## Required work
Restate word for word the lines of the entries below, starting with the line that holds "1880 ~ ABC Kangaroo Plate" and ending with the line that holds "HERPA 612760 TUIfly", and no others.

Start of Recorded information

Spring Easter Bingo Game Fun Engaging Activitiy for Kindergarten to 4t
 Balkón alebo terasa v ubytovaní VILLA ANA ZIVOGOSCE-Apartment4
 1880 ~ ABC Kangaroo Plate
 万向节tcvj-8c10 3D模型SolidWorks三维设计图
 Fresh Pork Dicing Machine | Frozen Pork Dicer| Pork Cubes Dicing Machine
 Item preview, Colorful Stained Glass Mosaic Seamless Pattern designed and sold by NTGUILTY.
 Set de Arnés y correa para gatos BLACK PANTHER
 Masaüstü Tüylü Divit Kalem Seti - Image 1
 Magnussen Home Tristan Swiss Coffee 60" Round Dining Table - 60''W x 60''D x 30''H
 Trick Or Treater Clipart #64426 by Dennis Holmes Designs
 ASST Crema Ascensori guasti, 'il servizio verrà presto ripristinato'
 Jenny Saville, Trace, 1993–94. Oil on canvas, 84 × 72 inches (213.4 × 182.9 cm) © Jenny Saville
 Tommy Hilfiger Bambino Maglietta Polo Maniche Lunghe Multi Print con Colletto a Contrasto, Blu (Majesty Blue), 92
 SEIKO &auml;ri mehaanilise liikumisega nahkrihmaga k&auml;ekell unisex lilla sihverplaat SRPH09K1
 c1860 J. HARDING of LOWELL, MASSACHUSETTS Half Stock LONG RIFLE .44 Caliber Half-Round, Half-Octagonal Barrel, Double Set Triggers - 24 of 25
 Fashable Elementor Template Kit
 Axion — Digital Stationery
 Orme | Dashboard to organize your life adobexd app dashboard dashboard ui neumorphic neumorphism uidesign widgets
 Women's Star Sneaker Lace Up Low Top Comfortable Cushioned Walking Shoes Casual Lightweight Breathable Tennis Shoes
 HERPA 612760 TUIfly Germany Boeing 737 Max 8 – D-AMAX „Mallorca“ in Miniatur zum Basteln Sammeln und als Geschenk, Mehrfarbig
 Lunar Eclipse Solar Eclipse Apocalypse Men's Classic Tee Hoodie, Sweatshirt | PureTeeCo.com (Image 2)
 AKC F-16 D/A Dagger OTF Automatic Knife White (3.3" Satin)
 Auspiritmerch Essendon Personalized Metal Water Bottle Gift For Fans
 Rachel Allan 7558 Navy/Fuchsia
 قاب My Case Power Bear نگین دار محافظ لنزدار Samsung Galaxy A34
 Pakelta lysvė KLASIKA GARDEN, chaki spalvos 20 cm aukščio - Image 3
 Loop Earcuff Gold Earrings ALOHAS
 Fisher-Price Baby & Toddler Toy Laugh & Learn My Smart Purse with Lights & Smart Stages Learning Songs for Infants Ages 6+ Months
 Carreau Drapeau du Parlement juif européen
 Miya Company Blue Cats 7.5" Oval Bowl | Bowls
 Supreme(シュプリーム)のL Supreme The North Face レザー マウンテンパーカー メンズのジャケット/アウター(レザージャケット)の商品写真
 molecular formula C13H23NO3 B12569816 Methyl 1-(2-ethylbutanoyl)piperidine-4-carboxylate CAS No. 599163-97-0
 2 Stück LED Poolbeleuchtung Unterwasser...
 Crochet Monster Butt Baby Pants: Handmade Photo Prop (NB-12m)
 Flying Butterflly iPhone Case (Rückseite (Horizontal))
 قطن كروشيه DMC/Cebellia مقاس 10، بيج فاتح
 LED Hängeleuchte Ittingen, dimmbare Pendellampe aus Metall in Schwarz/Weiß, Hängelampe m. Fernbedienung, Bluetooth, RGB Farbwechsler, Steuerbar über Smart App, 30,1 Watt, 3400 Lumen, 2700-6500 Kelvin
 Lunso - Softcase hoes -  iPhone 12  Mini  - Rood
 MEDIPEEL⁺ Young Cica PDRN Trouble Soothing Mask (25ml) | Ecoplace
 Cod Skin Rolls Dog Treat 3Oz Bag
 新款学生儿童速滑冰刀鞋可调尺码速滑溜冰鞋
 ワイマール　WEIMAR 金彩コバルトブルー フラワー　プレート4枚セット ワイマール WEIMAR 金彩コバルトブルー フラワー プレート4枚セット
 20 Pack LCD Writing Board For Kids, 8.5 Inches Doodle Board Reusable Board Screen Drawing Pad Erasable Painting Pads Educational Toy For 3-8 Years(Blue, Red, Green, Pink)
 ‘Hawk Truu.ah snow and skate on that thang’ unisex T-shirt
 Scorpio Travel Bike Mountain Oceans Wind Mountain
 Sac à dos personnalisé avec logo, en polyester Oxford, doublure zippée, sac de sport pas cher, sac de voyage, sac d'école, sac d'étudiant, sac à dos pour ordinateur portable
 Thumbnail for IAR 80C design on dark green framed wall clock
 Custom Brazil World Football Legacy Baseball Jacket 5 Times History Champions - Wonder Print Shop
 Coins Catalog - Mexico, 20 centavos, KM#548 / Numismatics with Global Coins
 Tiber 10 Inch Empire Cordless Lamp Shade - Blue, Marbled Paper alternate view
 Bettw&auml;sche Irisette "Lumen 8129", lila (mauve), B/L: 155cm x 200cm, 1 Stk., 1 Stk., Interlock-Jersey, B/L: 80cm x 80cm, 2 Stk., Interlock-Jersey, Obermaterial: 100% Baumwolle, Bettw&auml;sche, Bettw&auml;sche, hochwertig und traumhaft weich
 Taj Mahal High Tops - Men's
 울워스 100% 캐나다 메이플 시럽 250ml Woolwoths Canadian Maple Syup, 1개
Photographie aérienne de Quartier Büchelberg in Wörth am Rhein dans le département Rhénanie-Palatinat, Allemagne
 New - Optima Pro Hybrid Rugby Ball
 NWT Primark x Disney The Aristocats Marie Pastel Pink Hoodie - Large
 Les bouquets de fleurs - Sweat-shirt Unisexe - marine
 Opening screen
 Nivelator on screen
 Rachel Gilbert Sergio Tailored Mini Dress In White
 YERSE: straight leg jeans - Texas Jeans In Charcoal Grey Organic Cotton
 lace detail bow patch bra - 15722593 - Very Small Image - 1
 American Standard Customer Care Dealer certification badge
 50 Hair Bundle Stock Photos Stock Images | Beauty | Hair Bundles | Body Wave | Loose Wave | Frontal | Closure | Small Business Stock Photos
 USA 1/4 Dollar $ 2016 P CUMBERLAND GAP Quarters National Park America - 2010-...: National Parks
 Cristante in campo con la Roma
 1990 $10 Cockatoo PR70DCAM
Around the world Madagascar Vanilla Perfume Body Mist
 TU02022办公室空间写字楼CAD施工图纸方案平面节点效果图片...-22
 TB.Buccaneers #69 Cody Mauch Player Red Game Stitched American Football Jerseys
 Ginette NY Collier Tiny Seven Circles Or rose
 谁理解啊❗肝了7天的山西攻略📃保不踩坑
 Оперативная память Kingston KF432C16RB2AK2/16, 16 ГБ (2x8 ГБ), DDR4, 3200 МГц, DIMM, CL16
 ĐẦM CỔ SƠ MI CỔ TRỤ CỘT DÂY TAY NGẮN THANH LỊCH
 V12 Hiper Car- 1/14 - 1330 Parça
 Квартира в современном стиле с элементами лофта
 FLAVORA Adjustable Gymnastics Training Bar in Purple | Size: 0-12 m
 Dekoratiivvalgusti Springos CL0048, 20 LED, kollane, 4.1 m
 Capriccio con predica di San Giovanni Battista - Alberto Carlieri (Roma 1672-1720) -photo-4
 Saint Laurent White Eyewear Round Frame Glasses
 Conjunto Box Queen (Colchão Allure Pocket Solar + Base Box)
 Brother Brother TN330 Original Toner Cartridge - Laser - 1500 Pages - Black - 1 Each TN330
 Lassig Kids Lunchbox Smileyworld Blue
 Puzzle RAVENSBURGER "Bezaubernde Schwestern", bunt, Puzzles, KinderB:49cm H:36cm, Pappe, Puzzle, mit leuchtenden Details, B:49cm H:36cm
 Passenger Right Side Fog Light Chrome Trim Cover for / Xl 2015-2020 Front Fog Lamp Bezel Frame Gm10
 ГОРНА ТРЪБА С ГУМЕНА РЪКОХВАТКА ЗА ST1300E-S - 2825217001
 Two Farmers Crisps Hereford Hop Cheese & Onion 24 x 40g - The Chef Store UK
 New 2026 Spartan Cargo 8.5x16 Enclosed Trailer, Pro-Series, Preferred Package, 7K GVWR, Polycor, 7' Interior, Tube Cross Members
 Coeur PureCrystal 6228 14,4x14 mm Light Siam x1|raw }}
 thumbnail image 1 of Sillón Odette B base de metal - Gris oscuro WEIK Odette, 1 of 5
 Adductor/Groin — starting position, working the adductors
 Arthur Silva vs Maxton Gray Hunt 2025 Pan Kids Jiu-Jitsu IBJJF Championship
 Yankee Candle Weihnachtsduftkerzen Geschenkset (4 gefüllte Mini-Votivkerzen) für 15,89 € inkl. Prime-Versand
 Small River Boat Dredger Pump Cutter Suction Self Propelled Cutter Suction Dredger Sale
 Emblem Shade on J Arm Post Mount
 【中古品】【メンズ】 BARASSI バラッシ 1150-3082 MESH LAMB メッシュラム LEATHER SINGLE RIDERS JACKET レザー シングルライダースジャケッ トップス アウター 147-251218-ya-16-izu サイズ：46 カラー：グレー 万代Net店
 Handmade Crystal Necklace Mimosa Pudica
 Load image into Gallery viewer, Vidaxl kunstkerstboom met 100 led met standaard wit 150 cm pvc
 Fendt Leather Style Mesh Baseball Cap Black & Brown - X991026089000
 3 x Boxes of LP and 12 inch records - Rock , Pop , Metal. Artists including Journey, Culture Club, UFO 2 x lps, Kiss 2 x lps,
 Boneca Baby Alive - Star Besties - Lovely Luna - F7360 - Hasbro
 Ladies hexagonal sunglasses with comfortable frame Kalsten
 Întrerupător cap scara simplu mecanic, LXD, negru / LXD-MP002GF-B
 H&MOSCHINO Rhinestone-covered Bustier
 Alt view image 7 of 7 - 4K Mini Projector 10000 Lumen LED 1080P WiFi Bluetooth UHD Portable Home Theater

End of Recorded information

## Problem solution
 1880 ~ ABC Kangaroo Plate
 万向节tcvj-8c10 3D模型SolidWorks三维设计图
 Fresh Pork Dicing Machine | Frozen Pork Dicer| Pork Cubes Dicing Machine
 Item preview, Colorful Stained Glass Mosaic Seamless Pattern designed and sold by NTGUILTY.
 Set de Arnés y correa para gatos BLACK PANTHER
 Masaüstü Tüylü Divit Kalem Seti - Image 1
 Magnussen Home Tristan Swiss Coffee 60" Round Dining Table - 60''W x 60''D x 30''H
 Trick Or Treater Clipart #64426 by Dennis Holmes Designs
 ASST Crema Ascensori guasti, 'il servizio verrà presto ripristinato'
 Jenny Saville, Trace, 1993–94. Oil on canvas, 84 × 72 inches (213.4 × 182.9 cm) © Jenny Saville
 Tommy Hilfiger Bambino Maglietta Polo Maniche Lunghe Multi Print con Colletto a Contrasto, Blu (Majesty Blue), 92
 SEIKO &auml;ri mehaanilise liikumisega nahkrihmaga k&auml;ekell unisex lilla sihverplaat SRPH09K1
 c1860 J. HARDING of LOWELL, MASSACHUSETTS Half Stock LONG RIFLE .44 Caliber Half-Round, Half-Octagonal Barrel, Double Set Triggers - 24 of 25
 Fashable Elementor Template Kit
 Axion — Digital Stationery
 Orme | Dashboard to organize your life adobexd app dashboard dashboard ui neumorphic neumorphism uidesign widgets
 Women's Star Sneaker Lace Up Low Top Comfortable Cushioned Walking Shoes Casual Lightweight Breathable Tennis Shoes
 HERPA 612760 TUIfly Germany Boeing 737 Max 8 – D-AMAX „Mallorca“ in Miniatur zum Basteln Sammeln und als Geschenk, Mehrfarbig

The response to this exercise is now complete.